Il disagio, la solitudine. Di due donne. Di un’intera società, senza prospettive, senza modelli di riferimento.

Scandito dalle lancette di un orologio che sembrano muoversi a ritroso nel tempo, le ore passano per condurre le due protagoniste in un passato senza tempo che è sempre più buio, immorale, barbaro. In un ambiente scarno, una televisione e come in un gioco delle parti, il mondo reale e quello televisivo si osservano, si specchiano, fino ad assomigliarsi sempre di più: volgarità, abbrutimento, sono i nuovi invincibili virus che contagiano tutti, trasformando la realtà nella più becera fiction televisiva. E senza alcun antidoto. Non resta che adeguarsi all’orrore quotidiano, o provare a rifugiarsi in un mondo altro, fatto di immaginazione, fantasia…delirio, follia. E così quel disagio e quella solitudine si amplificano, si ingrassano, fino a partorire mostri. Violenti, sanguinari. Belve affamate che si nutrono di quella volgarità e di quel abbrutimento dai quali sono stati partoriti. Carne, sangue, sono solo nutrimento, che appartengano all’estraneo come al proprio figlio, al nemico come alla propria madre. Comincia così un gioco al massacro che ha come unico obiettivo la propria sopravvivenza e l’altrui distruzione, come in una jungla, come in una telenovela televisiva, come su uno scranno parlamentare.

Una madre ed una figlia, interpretate da Evelina Nazzari e Gaia Riposati, si incontrano/scontrano nel loro squallido monolocale, per distruggersi. Abbandoni, violenze, incesti. Antichi rancori, ripicche: è un continuo rinfacciarsi, vomitarsi addosso colpe, al solo scopo di giustificare le loro esistenze emarginate. Di animali feriti. Di donne sole.

Le voci allegre dei vicini, i gesti festosi della gente che attraversa la strada, sono le tragiche invenzioni di due donne disperate, o l’ultimo tentativo di aggrapparsi ad un’esistenza reale. Le fotografie ingiallite di una vita trascorsa, lo specchio inesorabile che racconta di un futuro senza prospettive, o il disperato segno tangibile di sentimenti provati, di emozioni vissute.

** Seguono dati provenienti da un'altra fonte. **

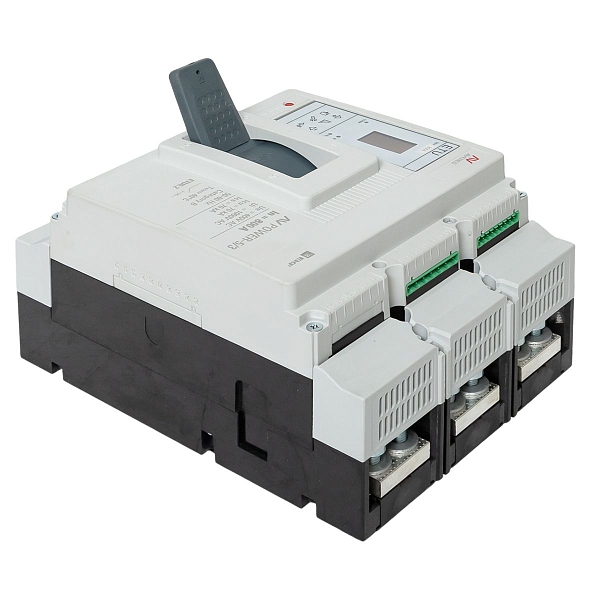 Выключатель автоматический в литом корпусе AV-POWER-5/3 800А 70кА ETU6.2 EKF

La squallida esistenza delle due donne annienta ogni speranza di futuro, ma di più, cancella anche ogni ricordo, relegando la memoria in un angolo nascosto: non contano i fatti che sono realmente accaduti, contano solo quelli che oggi possono essere usati come strumenti di offesa, di aggressione. Oltre al bene, scompare il bello, l’arte. Proprio per questo motivo le scenografie sono costituite dalle proiezioni delle opere dell’artista Piero Pizzi Cannella che, con i suoi indumenti e oggetti del quotidiano domestico immersi in una realtà evanescente, per alcuni tratti metafisica, ha saputo raccontare, meglio di altri, il disagio di un’intera società.

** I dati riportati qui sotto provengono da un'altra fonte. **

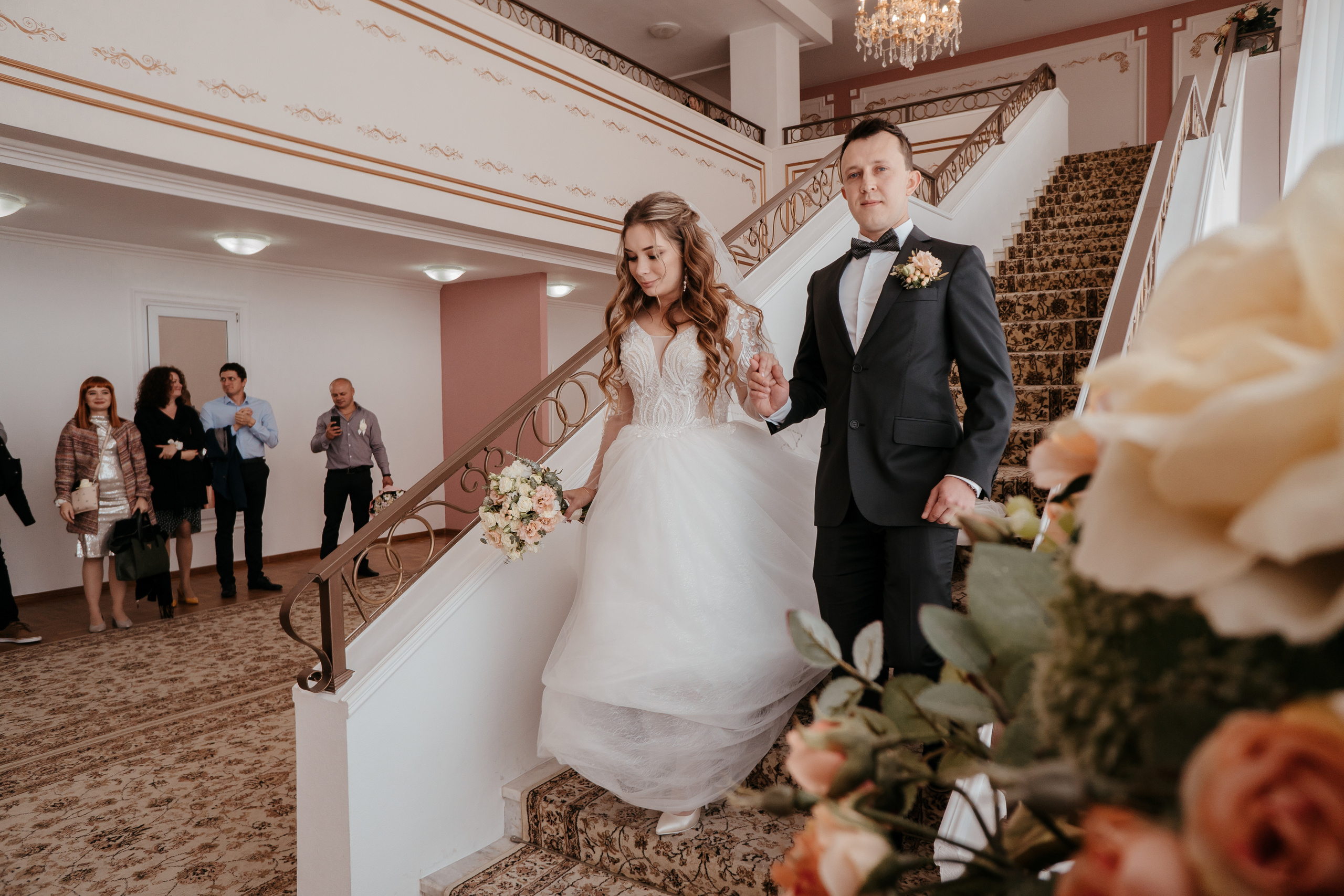 Алексей и Елена. Свадебный фотограф в Москве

Come in un lancinante contro campo, allo squallore dell’interno domestico, le musiche di elegante ricercatezza rievocano un esterno lontano, irraggiungibile, forse perso per sempre.

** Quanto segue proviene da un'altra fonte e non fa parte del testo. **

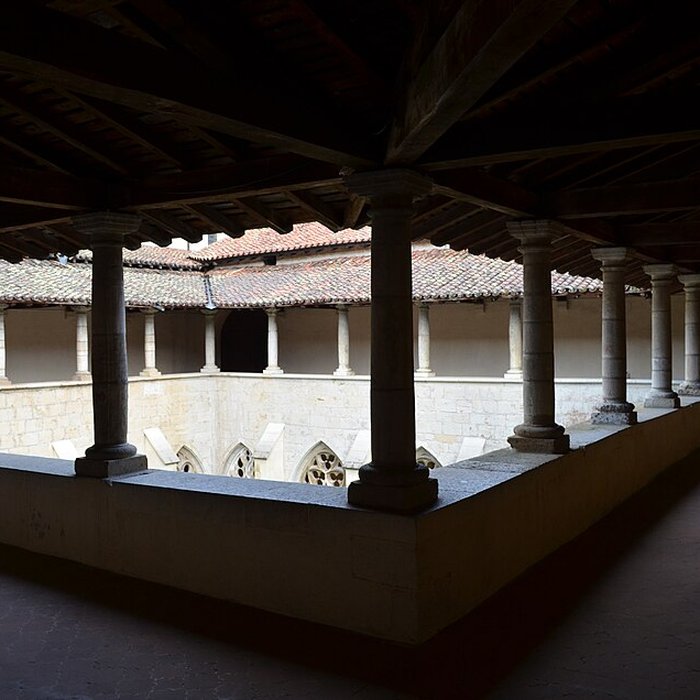 Photo de Abbaye Notre-Dame dAmbronay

All’interno di una scenografia scarna ed essenziale, la vicenda delle due donne si articola attraverso un contatto diretto col pubblico, volontario spettatore della tragedia, ma al tempo stesso inconsapevole protagonista di quella vita reale che ha emarginato le due donne, fino a condurle alla follia. Che è la follia dei nostri tempi.